*What the task requires*.
Apart from pictures, transcribe exactly each line from the one containing "6750 River Road, Watson, NY 13367" through the final line of the listing below.

*Data for analysis*.
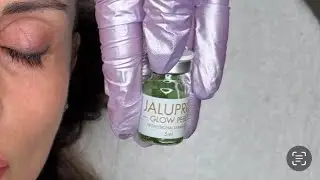APLIK&Aacute;CIA JALUPRO GLOW PEEL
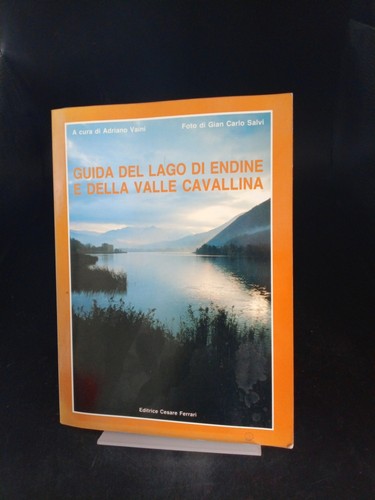 Guida del lago endine - del,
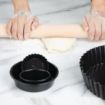 Picture of Vogue Wooden Rolling Pin 18" - J102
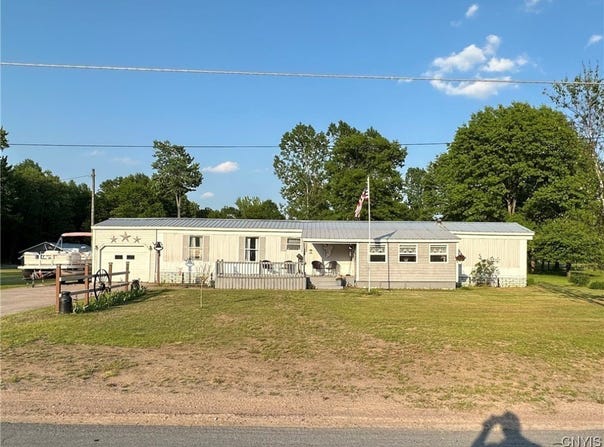 6750 River Road, Watson, NY 13367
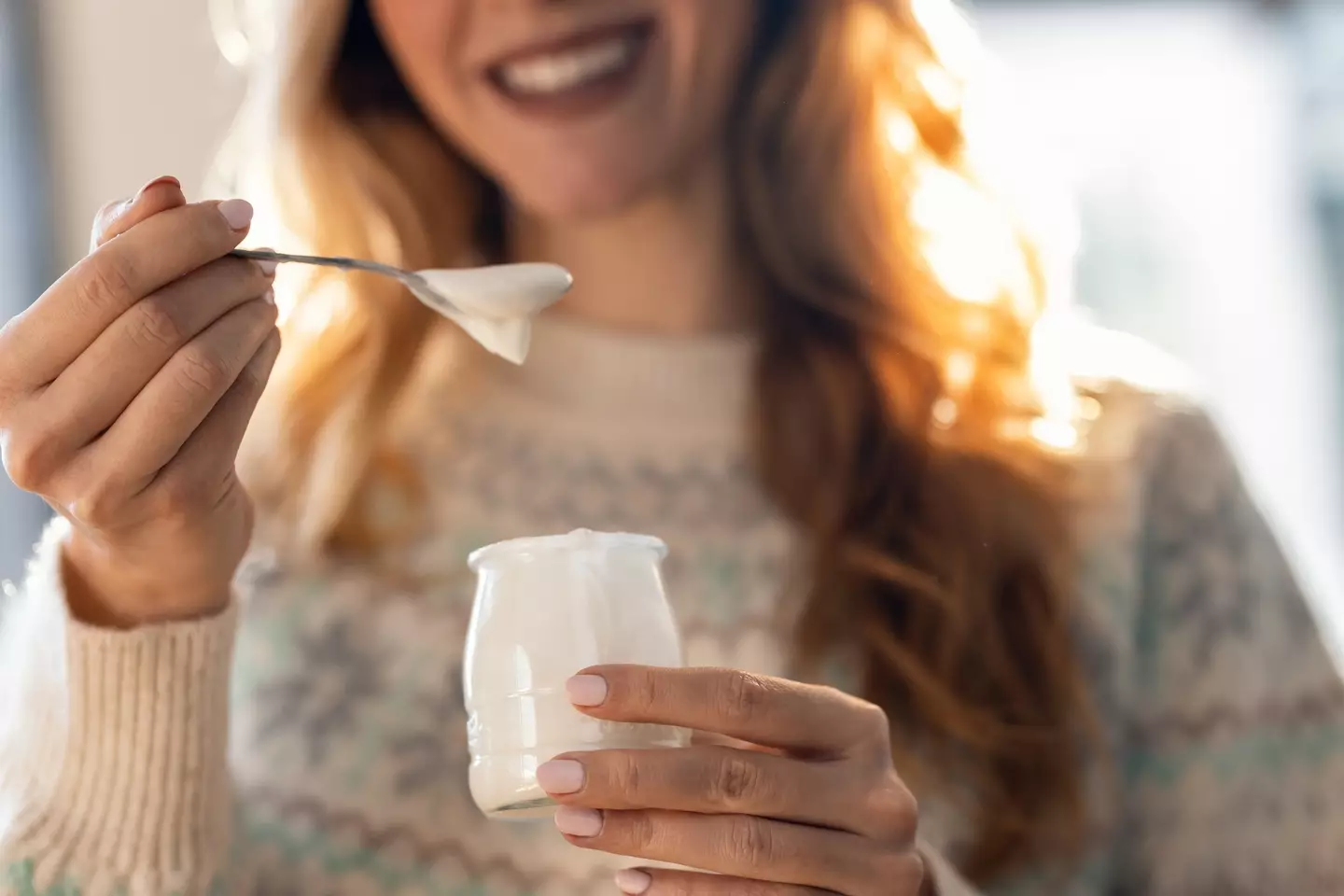 Yoghurt came highly recommended (nensuria/Getty Images)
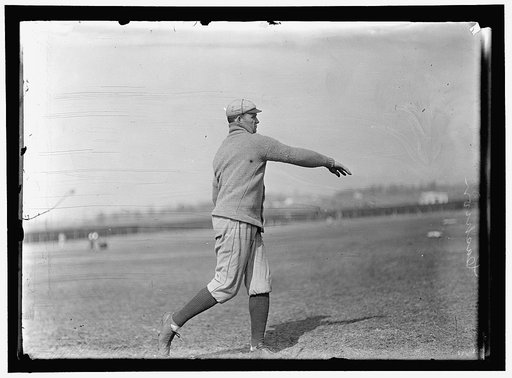 Carl Cashion, Washington AL, at University of Virginia, Charlottesville (baseball)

*Finished task*.
 6750 River Road, Watson, NY 13367
 Yoghurt came highly recommended (nensuria/Getty Images)
 Carl Cashion, Washington AL, at University of Virginia, Charlottesville (baseball)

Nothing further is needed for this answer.